在最佳反应条件下制备过氧化氢对壳聚糖的降解产物，通过测定原料及降解产物(Mw=1 500～166.53 kDa)的氮、碳含量，分析它们的红外光谱、核磁共振碳谱、X射线衍射谱及圆二色谱，考察各产物是否保持其天然结构。结果表明：各降解产物与原料的碳含量，氮含量及脱乙酰度的最大相对偏差分别为2.4%，2.3%与6.9%，且后两者随着反应时间的延长而减小;各降解样品的红外光谱及核磁共振碳谱与原料壳聚糖的相似，说明降解过程几乎不改变原料的化学结构;经相同方法处理过的原料及降解产物在2θ=10.4°和19.8°处均存在X射线衍射峰，在210 nm处均存在一个负的圆二吸收峰，表明产物的固态结构与其在溶液中的构象均没有发生变化。说明在优化的降解条件下过氧化氢氧化降解没有改变壳聚糖的天然结构。

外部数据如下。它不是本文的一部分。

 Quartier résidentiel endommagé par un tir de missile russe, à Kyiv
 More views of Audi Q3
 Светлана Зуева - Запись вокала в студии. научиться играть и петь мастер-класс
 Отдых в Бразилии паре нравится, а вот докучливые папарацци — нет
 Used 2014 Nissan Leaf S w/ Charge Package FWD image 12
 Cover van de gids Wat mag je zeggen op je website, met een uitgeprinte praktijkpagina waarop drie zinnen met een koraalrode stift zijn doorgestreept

Spectra Analyses of Chitosans Degraded by Hydrogen Peroxide under Optimal Conditions

Chitosans with different average molecular weight (1 500-156 kDa) were prepared under optimal conditions based on our previous research by the depolymerization of initial chitosan using hydrogen peroxide, with maintaining the native structure of natural chitosan as principal consideration. Nitrogen and Carbon components of initial chitosan and degraded products were analyzed by BCHI fully automatic nitrogen determination system and Liquid total organic carbon (TOC) analyzer respectively. Fourier transform infrared (FTIR), 13C nuclear magnetic resonance (13C NMR), X-ray diffraction and circular dichroism (CD) analyses were used to characterize the structure properties of samples. The results indicated that the maximum standard deviations of carbon content and nitrogen content and the degree of deacetylation (DD) of degraded products with the corresponding values of the initial chitosan are 2.4%, 2.3% and 6.9% respectively. Besides, the differentiations of the nitrogen content and DD value of the degraded product with the corresponding values of the initial chitosan are narrowed with the increase in the reaction time. FTIR spectra of resulting products are similar to that of initial chitosan in terms of peak number and position, indicating that there are no other functional groups formed during the degradation. 13C-NMR analyses of initial chitosan and degraded products revealed that the chemical structures of resulting chitosans are not changed to any noticeable extent. X-ray diffraction patterns of initial chitosan and degraded chitosans are alike and show characteristic peaks at 2θ=10.4°and 19.8°under the condition that the initial chitosan was disposed as degraded chitosans. Circular dichroism analyses showed that all the samples exhibit a broad negative band located at about 210 nm assigned to n→π* electronic transition of the —NH—CO— chromophore on a glycosidic ring in acidic media, which demonstrated that degraded chitosans maintain their natural conformation in liquid state substantially. All these confirmed that the degraded chtiosans maintain their natural structure and conformation, and the breakage of β-1,4-glucoside bonds in macromolecule is the basic process under optimal degradation conditions.